**Task item**
Pictures in the records are to be omitted; everything else is copied exactly.

**Material shown**

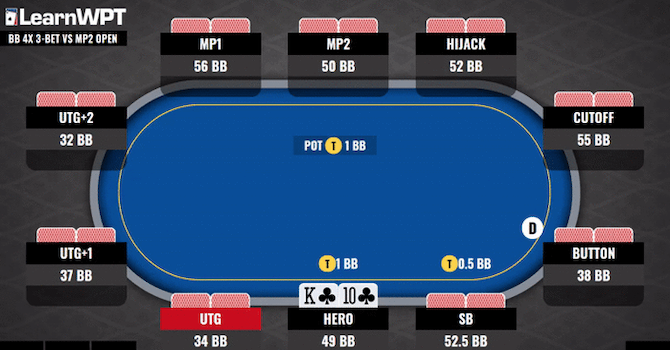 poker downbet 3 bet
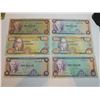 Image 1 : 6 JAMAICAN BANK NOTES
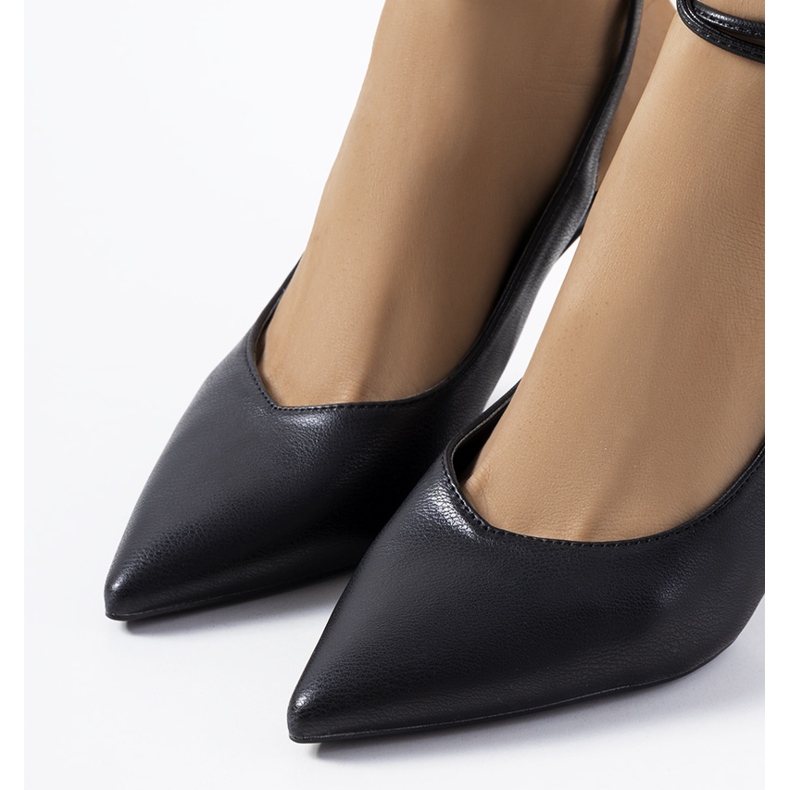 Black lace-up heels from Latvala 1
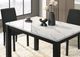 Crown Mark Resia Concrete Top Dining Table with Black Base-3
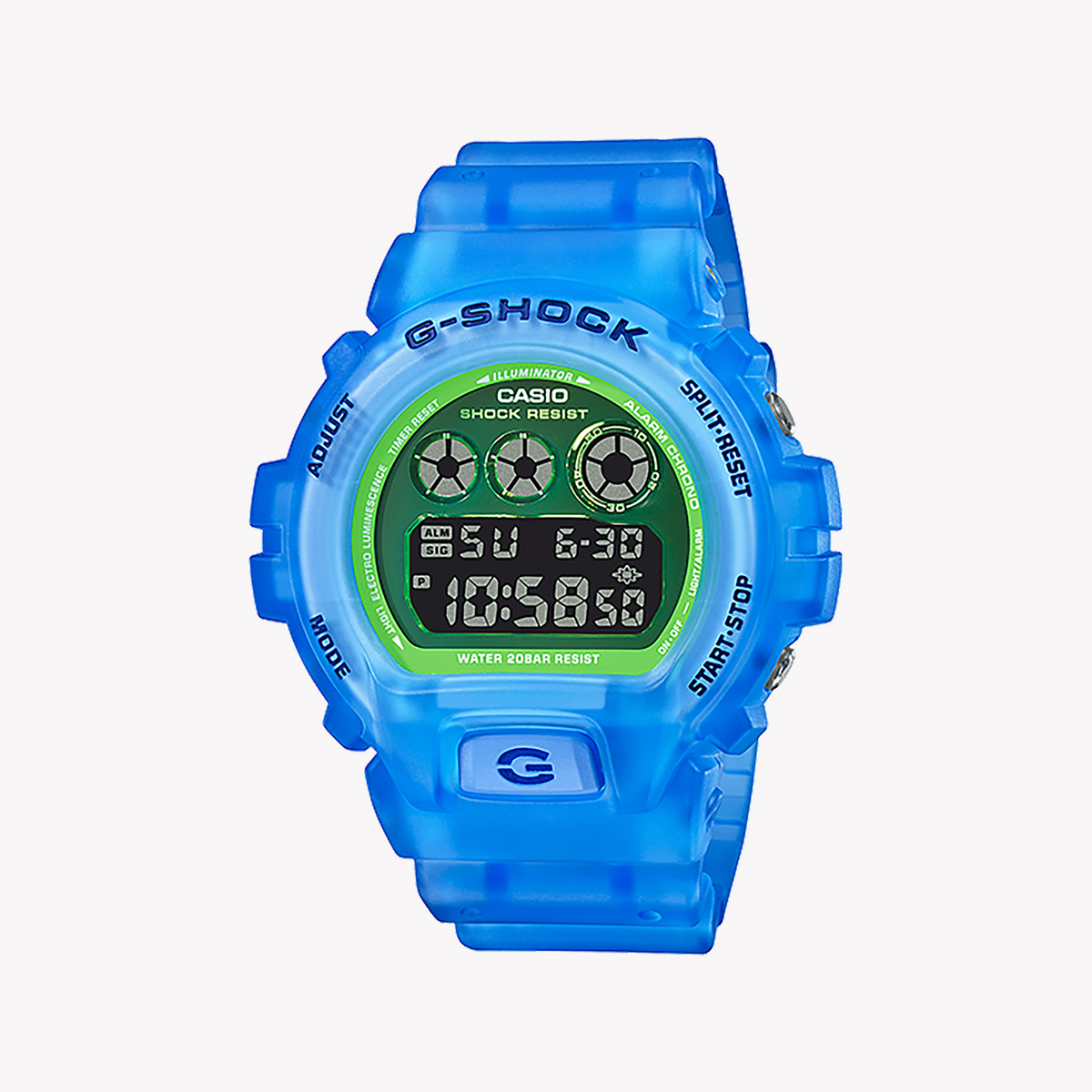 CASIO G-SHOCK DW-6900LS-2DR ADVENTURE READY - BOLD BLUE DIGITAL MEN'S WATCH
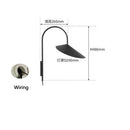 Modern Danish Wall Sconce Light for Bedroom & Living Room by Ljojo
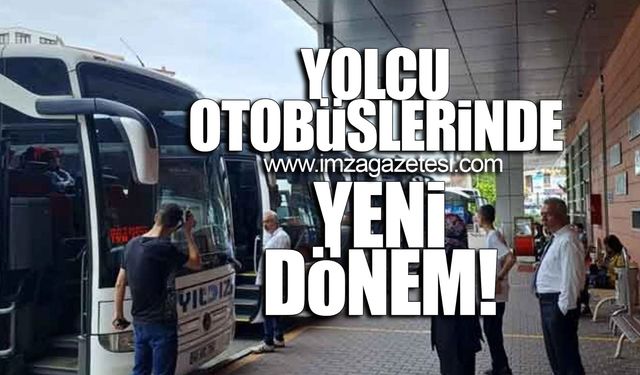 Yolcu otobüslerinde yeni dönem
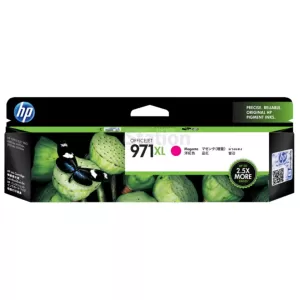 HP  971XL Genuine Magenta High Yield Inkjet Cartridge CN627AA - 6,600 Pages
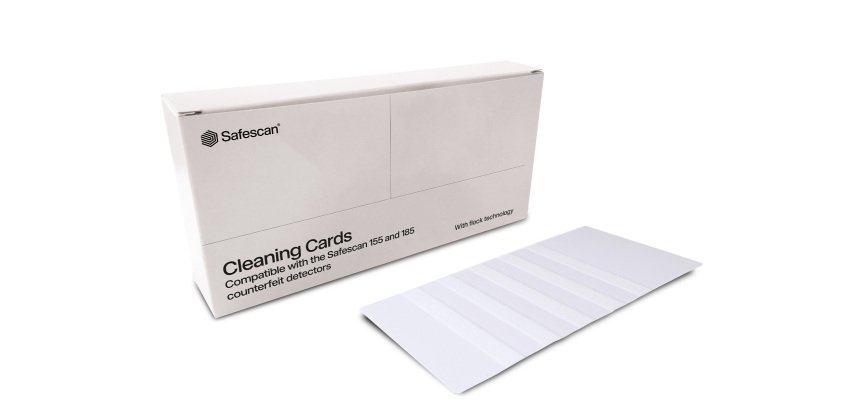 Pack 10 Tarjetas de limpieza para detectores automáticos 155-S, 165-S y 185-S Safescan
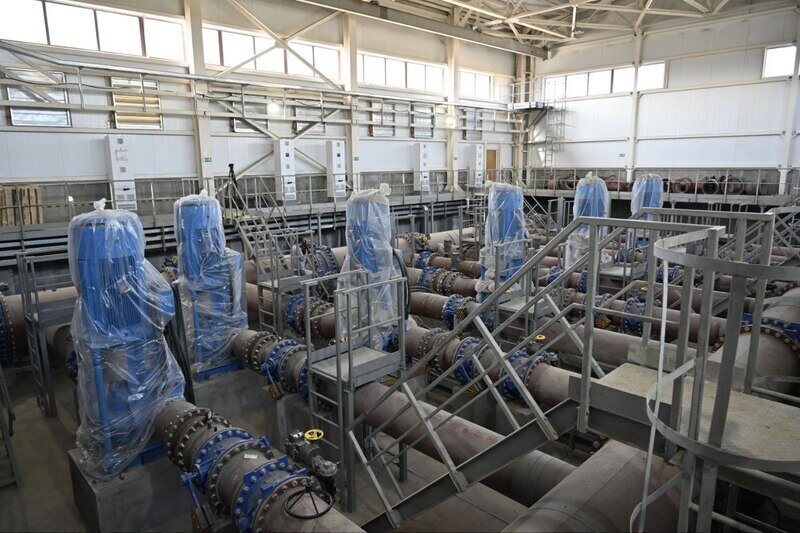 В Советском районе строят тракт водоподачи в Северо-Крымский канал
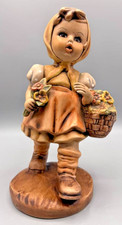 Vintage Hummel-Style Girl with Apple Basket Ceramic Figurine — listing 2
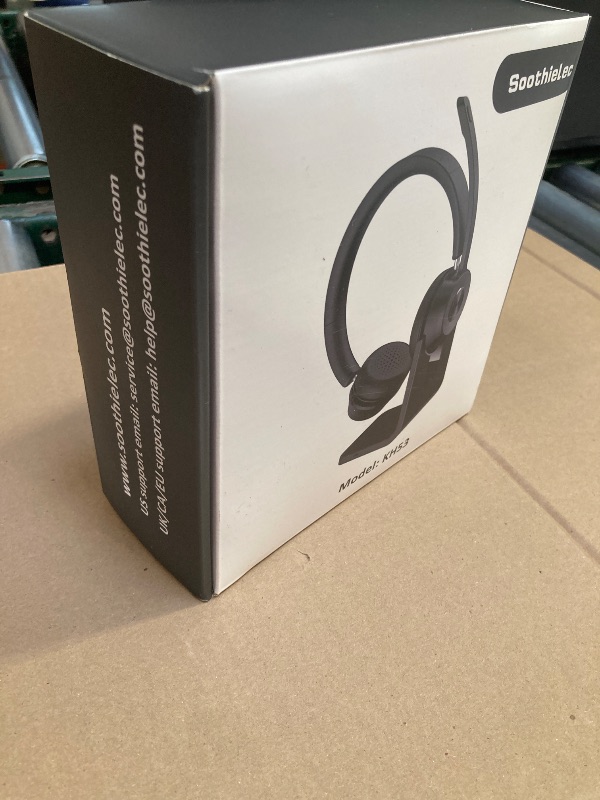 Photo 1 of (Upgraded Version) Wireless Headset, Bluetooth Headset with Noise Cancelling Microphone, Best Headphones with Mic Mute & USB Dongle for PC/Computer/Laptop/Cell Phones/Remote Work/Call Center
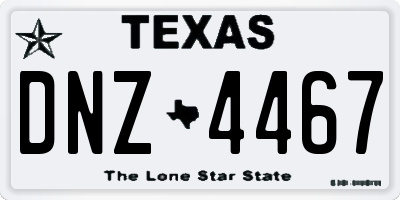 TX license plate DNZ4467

**Exercise solution**
 poker downbet 3 bet
 Image 1 : 6 JAMAICAN BANK NOTES
 Black lace-up heels from Latvala 1
 Crown Mark Resia Concrete Top Dining Table with Black Base-3
 CASIO G-SHOCK DW-6900LS-2DR ADVENTURE READY - BOLD BLUE DIGITAL MEN'S WATCH
 Modern Danish Wall Sconce Light for Bedroom & Living Room by Ljojo
 Yolcu otobüslerinde yeni dönem
 HP  971XL Genuine Magenta High Yield Inkjet Cartridge CN627AA - 6,600 Pages
 Pack 10 Tarjetas de limpieza para detectores automáticos 155-S, 165-S y 185-S Safescan
 В Советском районе строят тракт водоподачи в Северо-Крымский канал
 Vintage Hummel-Style Girl with Apple Basket Ceramic Figurine — listing 2
 Photo 1 of (Upgraded Version) Wireless Headset, Bluetooth Headset with Noise Cancelling Microphone, Best Headphones with Mic Mute & USB Dongle for PC/Computer/Laptop/Cell Phones/Remote Work/Call Center
 TX license plate DNZ4467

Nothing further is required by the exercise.